Pendant la semaine qui a suivi le chiffrage donné par Donald Trump sur le montant des droits de douane appliqué aux « 15 dirty » et au reste du monde ensuite — la confusion a régné partout et à tous les niveaux. La seule certitude émergeant dans l’incertitude était le consensus des économistes. Le choc d’offre que ces tarifs vont générer va déclencher une récession, les divergences portant uniquement sur l’ampleur de la récession et l’impact sur l’inflation. Le sursis à exécution de 90 jours avec un tarif à 10% pour l’ensemble des pays et le maintien des tarifs sur la seule Chine repousse la tempête de trois mois. Cette volte-face est soit l’exécution d’un plan prévu à l’avance, soit au contraire une reconsidération au vu des effets du plan.

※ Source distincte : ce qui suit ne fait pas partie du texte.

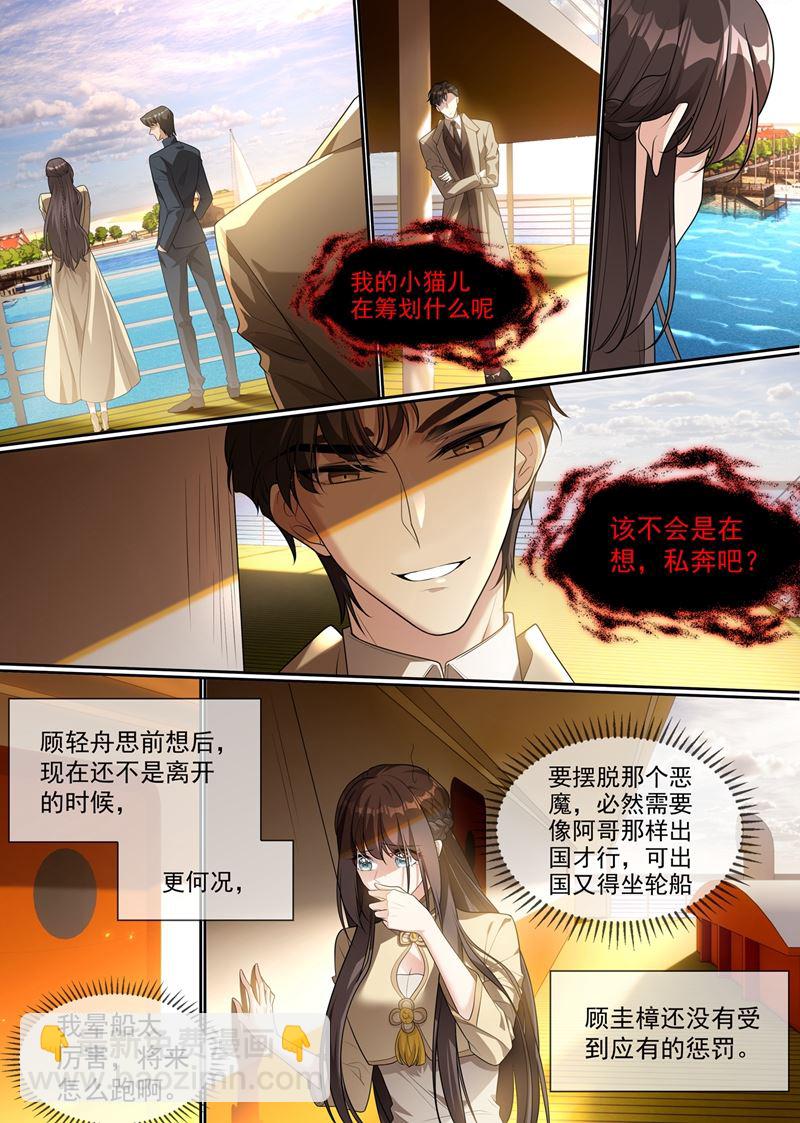 顾轻舟，你皮痒了吗？6
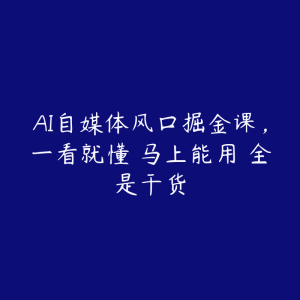 AI自媒体风口掘金课,一看就懂・马上能用・全是干货-51自学联盟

Notre point de vue est que c’est la réaction du marché obligataire américain qui est l’alarme qui a provoqué la mise à l’arrêt provisoire du plan. Entre la mise en place et la mise en pause du plan, le taux d’intérêt sur l’obligataire à 10 ans avait augmenté de 0,6 point pour atteindre 4,51%, contrepartie automatique de l’effondrement de leur prix. La baisse des prix des obligations du Trésor est un danger pour l’économie à plusieurs niveaux. Outre qu’il devient plus difficile de lever des fonds en première émission, la probabilité de faillite de grands fonds de placement ou de grandes banques régionales augmente dangereusement. Une crise financière généralisée de la même nature que la Crise financière Mondiale de 2007-2008 devient techniquement possible. La dépréciation du dollar et la chute du prix des actions ne peuvent que renforcer les craintes des investisseurs de détenir des actifs américains.
Personne ne peut rien contre le marché financier, pas même Donald Trump. Le marché financier présente la note en permanence, au travers des primes de risque, face aux gouvernements comme aux entreprises. En particulier, le marché financier contraint les gouvernements à la discipline budgétaire via la hausse des taux d’intérêt. James Carville, stratège en chef de Bill Clinton, a déclaré un jour avec humour : « Je pensais autrefois que si la réincarnation existait, je voudrais revenir en tant que Président, Pape ou batteur à 400 au baseball. Mais aujourd’hui, je préférerais revenir en tant que marché obligataire. Vous pouvez intimider tout le monde. »
L’ex-Première ministre britannique Liz Truss constitue un exemple frappant de la manière dont les marchés financiers peuvent imposer leur loi. Élue le 6 septembre 2022 avec un programme de baisses massives d’impôts, accompagnées de quelques coupes budgétaires, elle prévoyait un creusement du déficit de 45 milliards de livres, dans un contexte où la dette anglaise était déjà chahutée sur les marchés. L’envolée immédiate des taux d’intérêt, l’effondrement des obligations, la panique des fonds de pension ont amené Truss à démissionner après 49 jours, un minimum record dans la vie politique anglaise.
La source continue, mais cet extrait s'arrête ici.